En 1993 Martin descubrió que si comparaba ciertos genes concretos, el resultado era un árbol en el que las bacterias se ramificaron primero de un tronco común del que después surgirían las arqueobacterias y los eucariotas. Sin embargo, si estudiaba otros genes diferentes, el dibujo era el contrario: las arqueobacterias fueron las primeras en separar su camino del de bacterias y eucariotas. "Esto era lo que nosotros veíamos mientras todos los demás estaban celebrando el árbol", apunta Martin a EL ESPAÑOL.
La trama de la vida
Así pues, la promiscuidad de los genes no es sólo cosa de bacterias. Hoy sabemos también que el genoma de especies como la nuestra contiene fragmentos heredados de virus. Ahora, un nuevo estudio ha mostrado que los tardígrados u osos de agua, animalitos minúsculos que viven en la humedad y el musgo, tienen nada menos que un 17% de su genoma prestado de otras especies; no solo de bacterias, sino también de arqueobacterias, plantas y hongos. Según Martin, "como promedio, solo del 0,1 al 1% de cada genoma se ajusta a la metáfora del árbol".

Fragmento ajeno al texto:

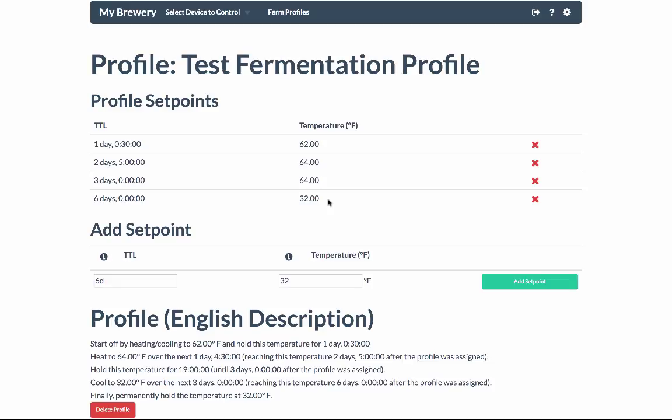Unlike BrewPie, fermentation profiles are not dependent on when they're assigned. Whenever you assign a fermentation profile to a beer, it will be customized for that beer automatically, and it will take care of doing all the math behind the scenes.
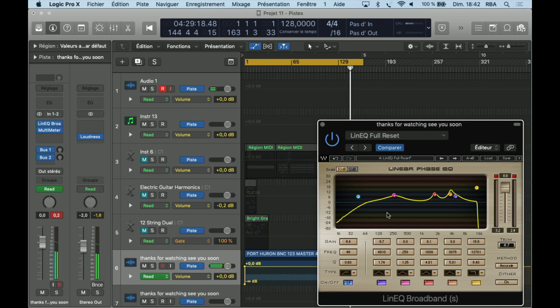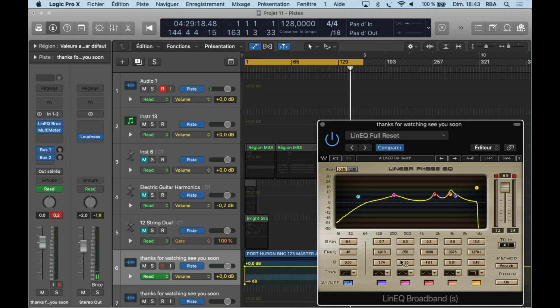So that's enough. If you ask me if it is a convenient EQ, I will tell you no. I don't really like how the interface works. Anyway, I hope you got an idea about how it sounds and hoping you enjoy. See you soon, guys.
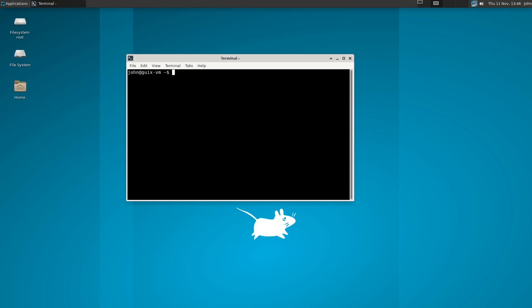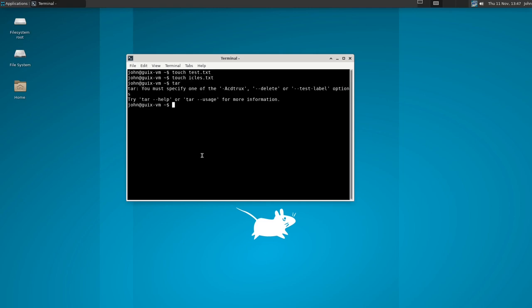So let's make a couple of text files here for testing purposes. First we're going to make test.txt and then secondly we're going to make ickles.txt. Now what we're going to do is we're going to put these in an archive and compress it with tar and we're going to use the options czvf.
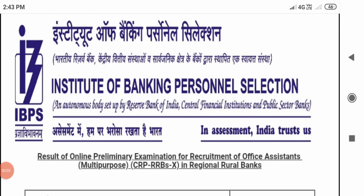Good afternoon, friends. So, what are you going to do in this video? Last year, I appeared for the IBPS RRB Assistant preliminary and then main exam.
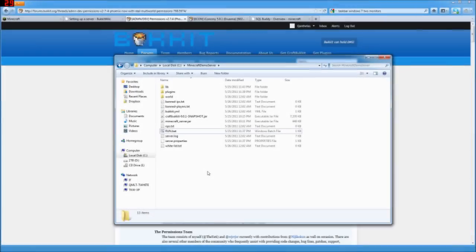This is Canthalus from the Phoenix Realms Minecraft server with another tutorial in this series on setting up a Minecraft server. So we've got Minecraft and Bucket up and going and we've got Iconomy with MySQL. Now let's get permissions.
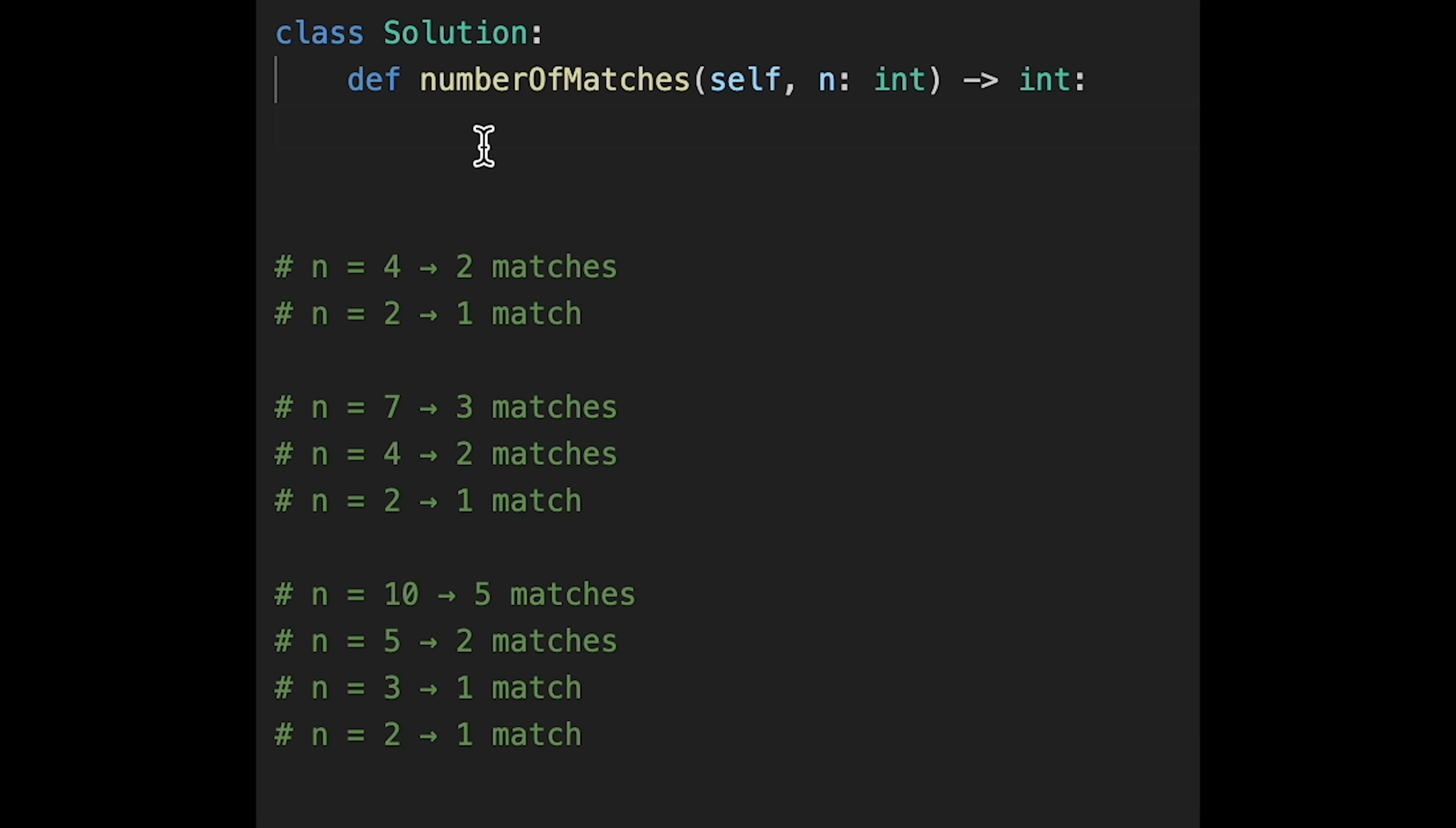So we can write like this, return n minus one. Yeah, so let me submit it. Yeah, looks good. And yeah, time complexity and space complexity should be O(1), right?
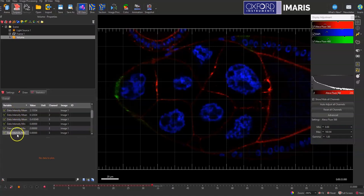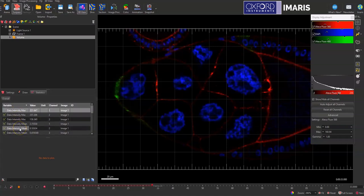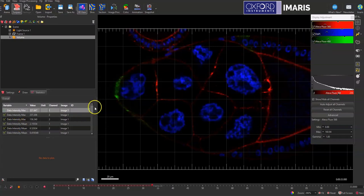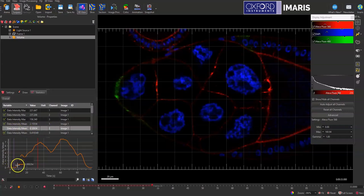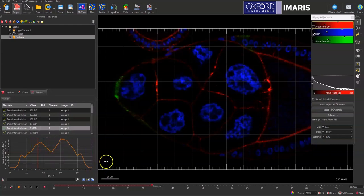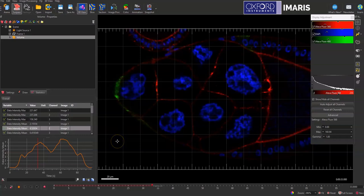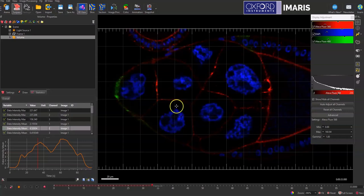And so if I wanted to do the intensity mean of the blue channel across the different Z planes, I can just select this specific statistic for channel 2 and you can see that it exports intensity mean and how that changes across those different Z planes over the mock time lapse, and I can export this using the different export options in IMARIS.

Utilizar redes es una idea fructífera para describir mejor la complejidad de la vida y los procesos que la sostienen
Y las amenazas de tala no acaban aquí. Un reciente estudio dirigido por los investigadores de la Universidad Pierre et Marie Curie (París) Philippe Lopez y Eric Bapteste ha analizado en masa genes de microbios recogidos de varios entornos, incluido el intestino humano, descubriendo algunos tan diferentes a todo lo conocido que según los autores son "compatibles con divisiones adicionales de la vida". Es decir, ni arqueobacterias, ni bacterias, ni eucariotas, sino otra cosa.
Bapteste aclara a EL ESPAÑOL que sus resultados "son solo un primer paso muy preliminar"; pero con independencia de que el posible hallazgo pudiera revolucionar por completo las clasificaciones actuales, insiste en que sus investigaciones "ciertamente alientan una mayor consideración a los aspectos colectivos y reticulares de la evolución biológica". "Utilizar redes es una idea fructífera para describir mejor la complejidad de la vida y los procesos que la sostienen", afirma.
"¿Es un árbol? ¿Es una red? ¿Es una trama?", se pregunta Martin. El problema, destaca el científico, es que abandonar una metáfora visual tan sencilla como el árbol nos deja sin otra que sea igualmente intuitiva. "Si desechamos el árbol y queremos un gráfico que no sea la interpretación de un artista, las cosas se ponen muy difíciles", advierte. Sobre todo cuando los biólogos ni siquiera han llegado a un acuerdo general sobre qué palabra debería sustituir a árbol. "Es bastante frustrante", admite Martin. Por el momento, las hachas siguen en alto.